<<<<
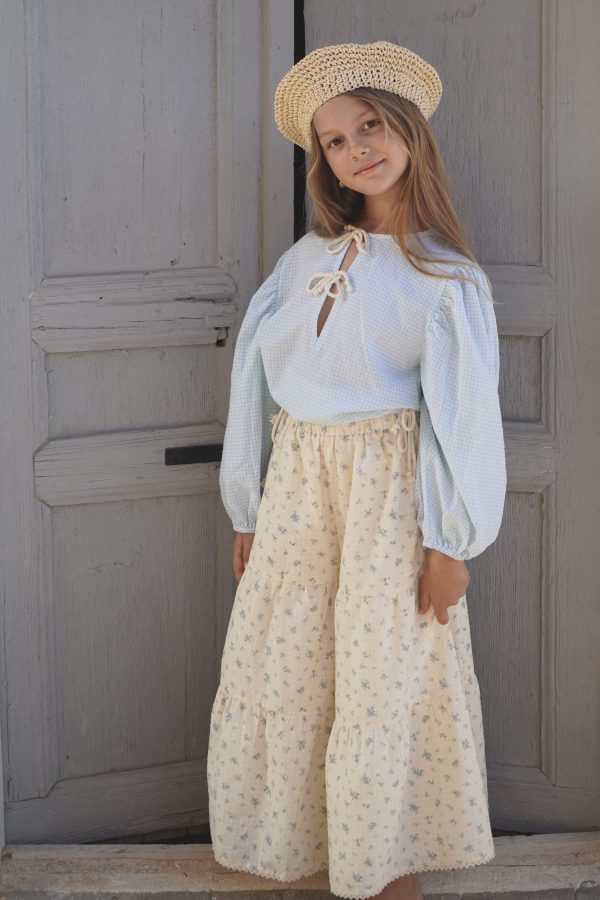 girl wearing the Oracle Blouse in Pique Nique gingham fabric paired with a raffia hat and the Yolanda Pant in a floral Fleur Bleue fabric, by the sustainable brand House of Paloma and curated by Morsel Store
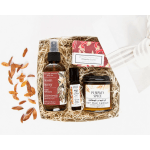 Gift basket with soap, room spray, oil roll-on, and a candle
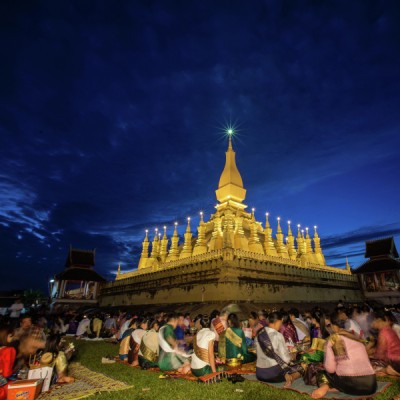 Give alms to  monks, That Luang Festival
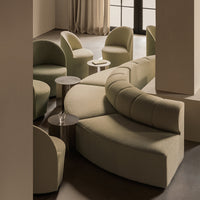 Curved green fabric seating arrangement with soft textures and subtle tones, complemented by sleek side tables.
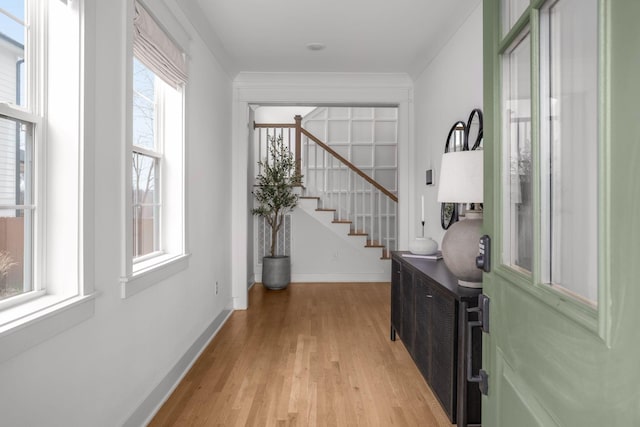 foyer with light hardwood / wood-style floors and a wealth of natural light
>>>>
Work order ▸ Repeat, exactly and in full, each line from the start of the data to the line that contains "Curved green fabric". Pictures do not go in.

Result of the exercise ▸
 girl wearing the Oracle Blouse in Pique Nique gingham fabric paired with a raffia hat and the Yolanda Pant in a floral Fleur Bleue fabric, by the sustainable brand House of Paloma and curated by Morsel Store
 Gift basket with soap, room spray, oil roll-on, and a candle
 Give alms to  monks, That Luang Festival
 Curved green fabric seating arrangement with soft textures and subtle tones, complemented by sleek side tables.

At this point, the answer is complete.